Fenomena pekerja anak masih jadi PR besar bagi Indonesia. Anak-anak yang seharusnya bisa menikmati masa mudanya dengan bermain dan belajar, justru sudah menerima beban pekerjaan dan tanggung jawab yang seharusnya dipikul orang dewasa. Mereka kehilangan hak dasar untuk bisa tumbuh dan berkembang. Fenomena pekerja anak ini memperburuk wajah pendidikan tanah air.

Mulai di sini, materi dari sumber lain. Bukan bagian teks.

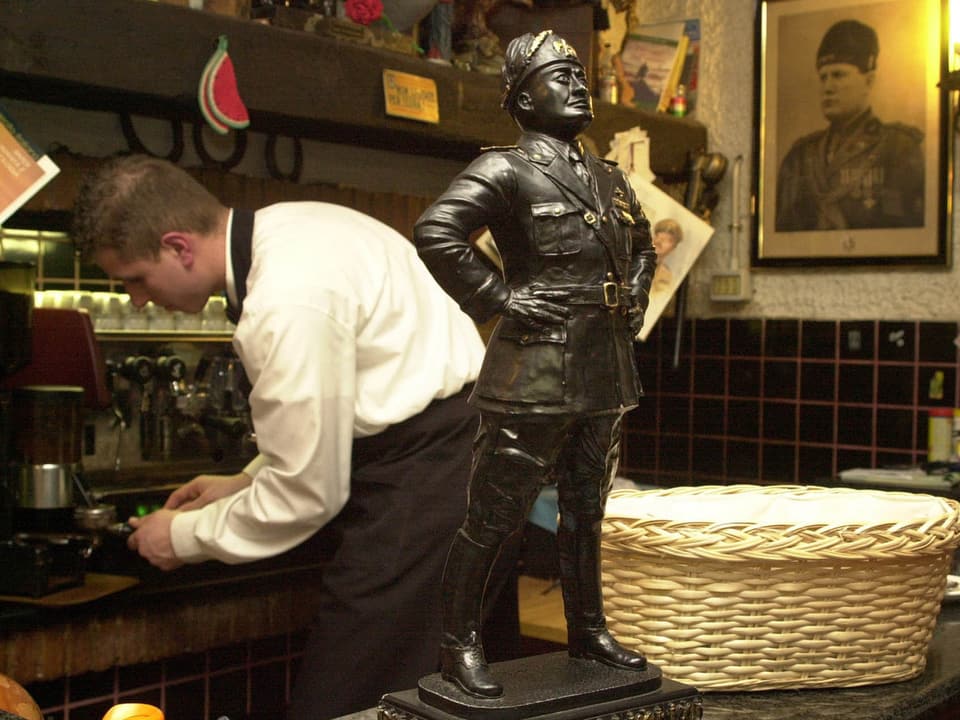 Die Bronzestatue des Duce steht auf dem Tresen, an der Wand ein Foto von Mussolini und im Hintergrund der Kellner an der Kaffeemaschine.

Sayangnya, kebanyakan pekerja anak bekerja akibat tekanan ekonomi dan akses pendidikan yang belum merata. Mereka yang berada dalam garis kemiskinan terpaksa membantu keluarganya bekerja alih-alih belajar dan menimba ilmu layaknya anak-anak pada umumnya.
Menurut data Badan Pusat Statistik (BPS), persentase pekerja anak usia 10-17 tahun pada 2024 mencapai 2,85%, naik dari tahun 2023 yang sebesar 2,39%. Ini merupakan kenaikan pertama dalam 3 tahun terakhir.

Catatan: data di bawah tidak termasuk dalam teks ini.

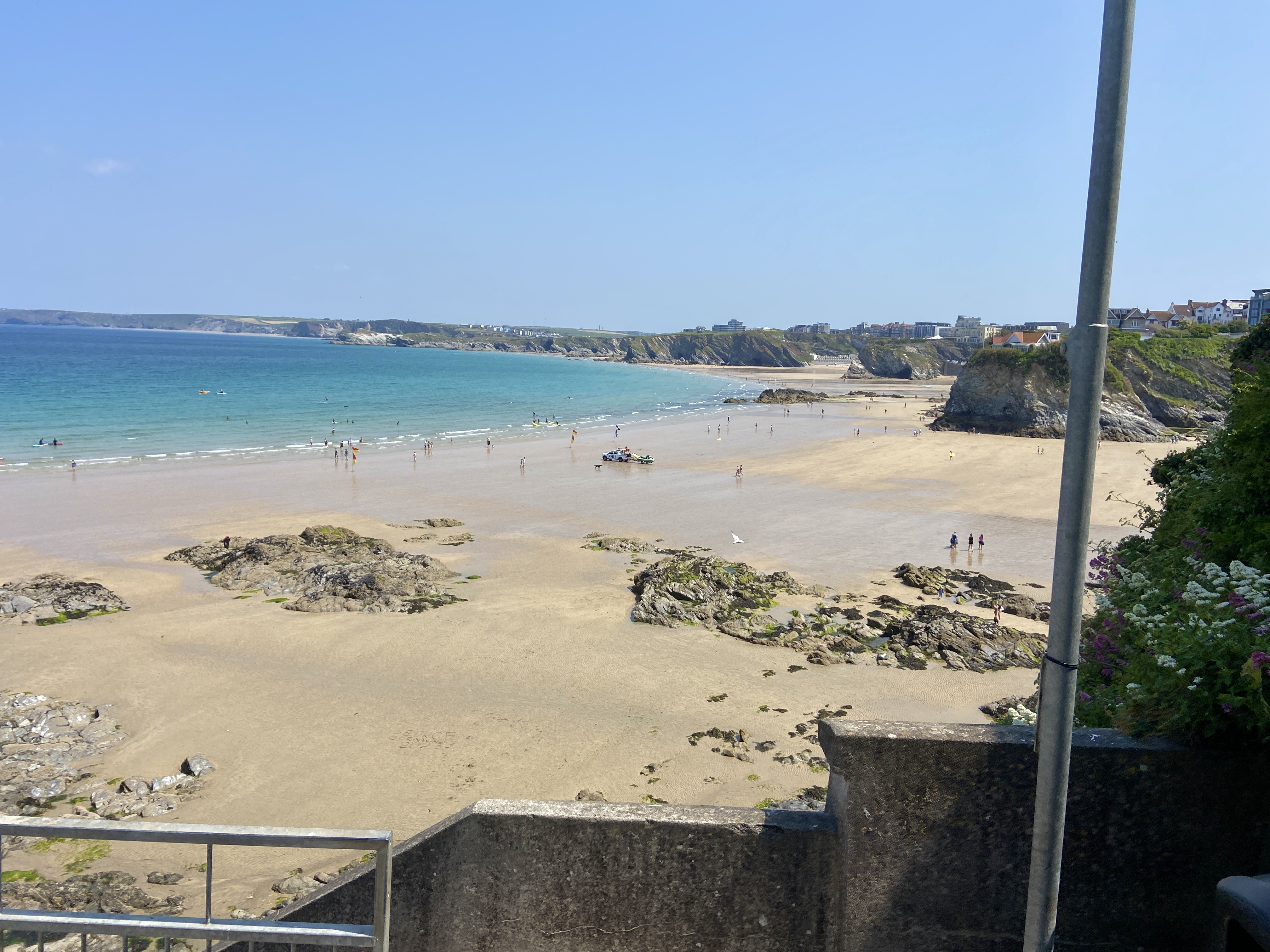 Towan Beach at low tide with Great Western and Tolcarne beaches accessible along the sand.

Ditinjau menurut provinsinya, Nusa Tenggara Timur tercatat memiliki persentase pekerja anak tertinggi, mencapai 7,2% pada 2024.
Sulawesi Tenggara menyusul di posisi kedua provinsi dengan persentase pekerja anak tertinggi dengan 6,54%, diikuti oleh Nusa Tenggara Barat dengan 5,51%, Gorontalo dengan 5,39%, dan Sulawesi Selatan dengan 5,28%.

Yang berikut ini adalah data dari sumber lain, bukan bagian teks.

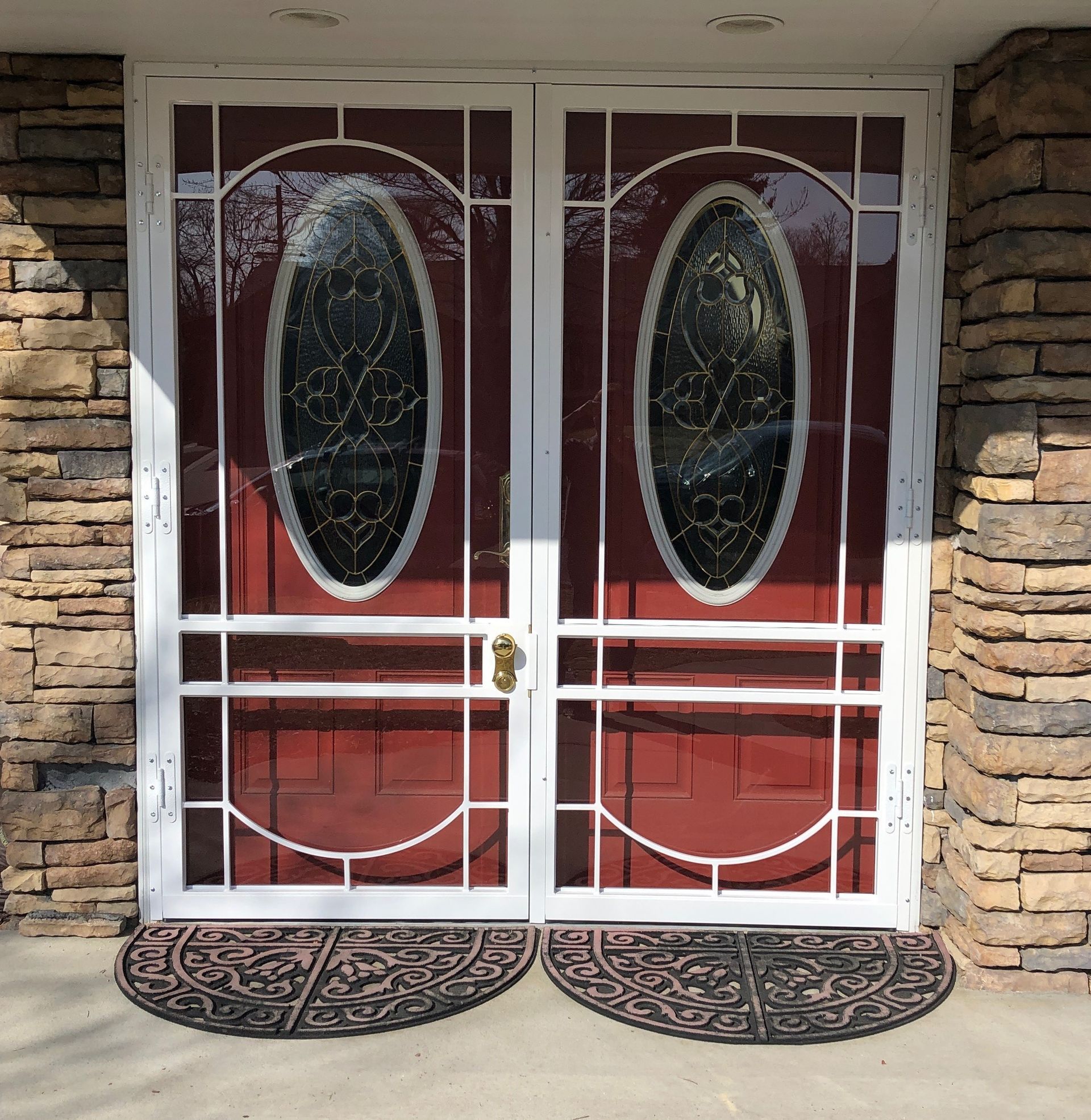 A pair of red doors with stained glass windows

Sebaliknya, provinsi dengan pekerja anak terendah ada di Kepulauan Riau dengan hanya 1,38%, Aceh dengan 1,4%, dan Kalimantan Selatan dengan 1,92%.
Aturan Pekerja Anak di Indonesia
Menurut UU Ketenagakerjaan, anak adalah setiap orang yang berusia di bawah 18 tahun. Aturan tersebut menegaskan bahwa pemberi kerja dilarang mempekerjakan anak. Dengan kata lain, batas usia minimal tenaga kerja di Indonesia adalah 18 tahun. Meski begitu, ada beberapa aturan khusus yang memperbolehkan anak bekerja. Anak usia 13 sampai 15 tahun boleh bekerja ringan selama pekerjaan tersebut tidak mengganggu perkembangan kesehatan, fisik, mental, dan sosial si anak.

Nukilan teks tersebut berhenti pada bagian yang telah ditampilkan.